§ Exercise aim
From the line with "FITFLOP حذاء رجالي" through the line with "PNG Splashing water", repeat the entries verbatim, both end lines included, and add nothing.

-- Data records follows --

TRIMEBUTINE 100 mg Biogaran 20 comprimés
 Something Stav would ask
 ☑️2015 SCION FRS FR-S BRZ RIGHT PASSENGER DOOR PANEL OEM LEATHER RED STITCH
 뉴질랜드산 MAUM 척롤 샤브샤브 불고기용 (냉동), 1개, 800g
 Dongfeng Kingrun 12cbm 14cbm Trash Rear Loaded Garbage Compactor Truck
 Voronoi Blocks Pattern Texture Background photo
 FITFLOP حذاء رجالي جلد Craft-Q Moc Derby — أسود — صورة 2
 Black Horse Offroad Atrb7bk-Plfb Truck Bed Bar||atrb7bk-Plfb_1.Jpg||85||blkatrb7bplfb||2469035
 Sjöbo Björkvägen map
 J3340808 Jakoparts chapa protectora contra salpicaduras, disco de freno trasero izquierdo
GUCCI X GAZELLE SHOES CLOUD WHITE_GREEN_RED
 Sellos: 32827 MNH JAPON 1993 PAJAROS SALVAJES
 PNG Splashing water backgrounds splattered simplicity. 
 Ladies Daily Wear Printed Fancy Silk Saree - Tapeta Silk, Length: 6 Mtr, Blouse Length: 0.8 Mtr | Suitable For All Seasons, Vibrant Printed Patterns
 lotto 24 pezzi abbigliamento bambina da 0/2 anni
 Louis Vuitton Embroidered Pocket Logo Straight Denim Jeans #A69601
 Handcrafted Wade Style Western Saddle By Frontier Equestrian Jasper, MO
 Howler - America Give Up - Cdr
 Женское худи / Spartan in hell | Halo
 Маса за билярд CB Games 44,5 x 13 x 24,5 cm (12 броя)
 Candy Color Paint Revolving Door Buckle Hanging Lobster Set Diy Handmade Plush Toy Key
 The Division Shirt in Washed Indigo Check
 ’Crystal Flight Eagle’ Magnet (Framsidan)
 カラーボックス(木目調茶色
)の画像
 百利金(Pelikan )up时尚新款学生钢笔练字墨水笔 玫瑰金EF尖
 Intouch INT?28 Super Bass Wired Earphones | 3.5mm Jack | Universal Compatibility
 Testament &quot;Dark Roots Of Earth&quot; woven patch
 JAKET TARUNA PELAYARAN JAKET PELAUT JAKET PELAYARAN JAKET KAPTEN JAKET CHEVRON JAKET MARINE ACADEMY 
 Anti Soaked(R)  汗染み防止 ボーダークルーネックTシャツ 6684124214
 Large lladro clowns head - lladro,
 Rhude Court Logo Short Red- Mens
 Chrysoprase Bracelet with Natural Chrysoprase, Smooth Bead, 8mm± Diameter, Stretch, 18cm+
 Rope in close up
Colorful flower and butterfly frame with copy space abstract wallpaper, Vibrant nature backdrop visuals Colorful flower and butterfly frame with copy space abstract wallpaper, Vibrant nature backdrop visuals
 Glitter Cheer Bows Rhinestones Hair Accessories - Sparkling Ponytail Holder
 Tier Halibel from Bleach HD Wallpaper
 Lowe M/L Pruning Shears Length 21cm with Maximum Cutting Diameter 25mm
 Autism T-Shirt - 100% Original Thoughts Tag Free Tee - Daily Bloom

-- Data records concluded --

§ Exercise result
 FITFLOP حذاء رجالي جلد Craft-Q Moc Derby — أسود — صورة 2
 Black Horse Offroad Atrb7bk-Plfb Truck Bed Bar||atrb7bk-Plfb_1.Jpg||85||blkatrb7bplfb||2469035
 Sjöbo Björkvägen map
 J3340808 Jakoparts chapa protectora contra salpicaduras, disco de freno trasero izquierdo
GUCCI X GAZELLE SHOES CLOUD WHITE_GREEN_RED
 Sellos: 32827 MNH JAPON 1993 PAJAROS SALVAJES
 PNG Splashing water backgrounds splattered simplicity. 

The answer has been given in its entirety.